WORK INSTRUCTIONS
Only the lines in the entries below from the line with "Flat lay of" to the line with "a cup of tea on a doily next to a teapot", both included, belong in the answer, transcribed exactly and without pictures.
____ DATA SECTION
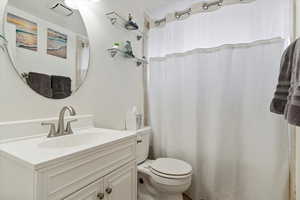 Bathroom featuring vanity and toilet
________
____ DATA SECTION
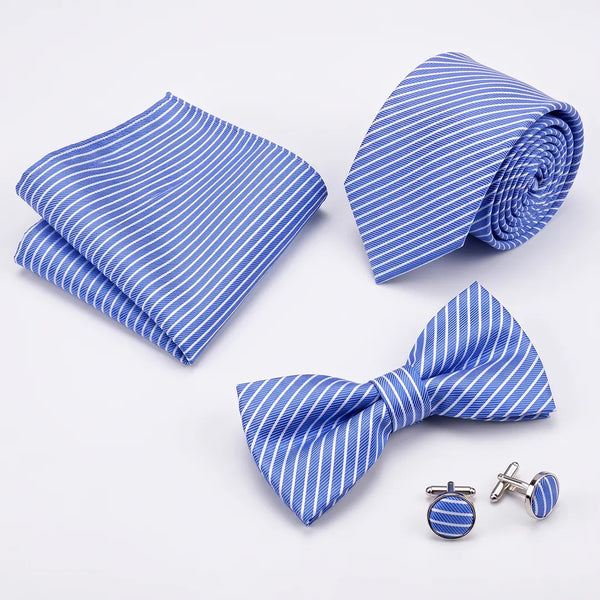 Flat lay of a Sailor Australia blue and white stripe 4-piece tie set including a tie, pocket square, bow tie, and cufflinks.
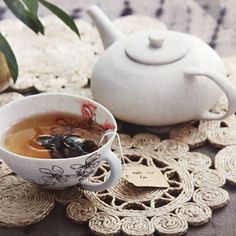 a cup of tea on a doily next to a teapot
________
OUTPUT OF THE TASK
 Flat lay of a Sailor Australia blue and white stripe 4-piece tie set including a tie, pocket square, bow tie, and cufflinks.
 a cup of tea on a doily next to a teapot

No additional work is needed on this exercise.